“I want you to remember that emotions are not demands to be met or problems to solve. They are just information.”

Let’s apply the model to an experience I had this week, and look at how I used my own emotions as information – data – rather than being ruled by what my emotion seemed to demand.

My friend and her children were here with us for the week. And they were absolutely lovely. Her oldest son is the age of my sons, and he was respectful, obedient, cheerful, helpful, charming, etc. Such a treat to have in our home. And when, one morning, my boys were, in every way, the opposite of her son, I really felt like I had failed in some way. I was not as good of a mom. I didn’t know how to raise boys.

CIRCUMSTANCE. My friend and her children were here with us for the week. Her son is the age of my son.

THOUGHTS. I am a failure. I am not a good mom. I don’t know how to raise boys.

FEELINGS. Discouraged

ACTIONS. I went to bed. And I stayed in bed.

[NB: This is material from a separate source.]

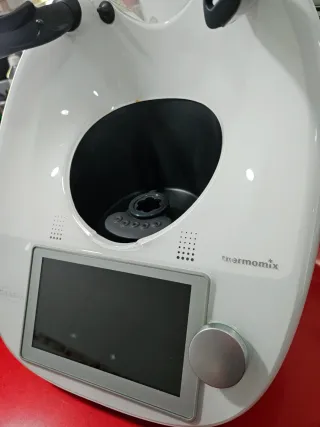 Thermomix TM6 con 2 vasos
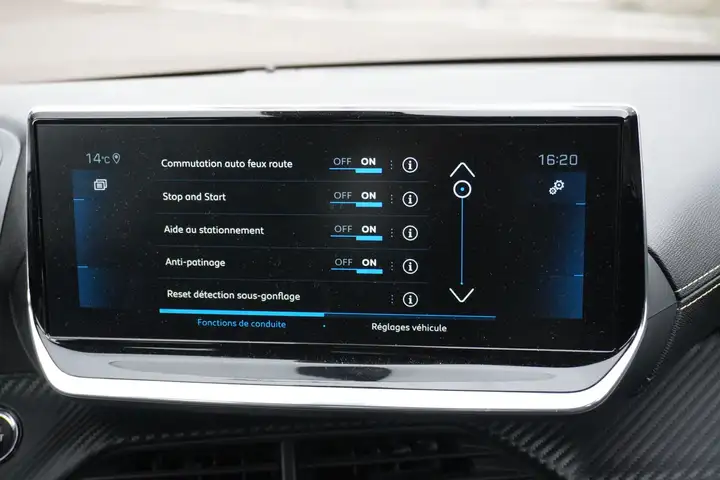 Peugeot 208 – Image 21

And when I got back out of bed sometime the next day, I was in a better place to re-visit those feelings. And I asked myself what information those feelings were giving me. This is what I came up with:

  • My negative emotions are only telling me that I’m not done yet – I have more to learn and more work to do, on myself and with my children.
  • My emotions are telling me that I’m tired. And when I am emotionally tired, it is frequently because I am physically tired, too.

I listened to a few podcasts on raising boys. They were full of information, but also full of hope and encouragement and support. I made a new resolve to do some things consistently and regularly, without prompting and without expectations, like telling them that they are loved for who they are, like singing to them before they fell asleep, etc.

With that information I gathered from my original feelings, I was able to look for different thoughts that lead to different feelings, and I took different actions.

I love these boys, with my whole soul.

I want to close by sharing a few stories about my boys, from journals I have kept over the years.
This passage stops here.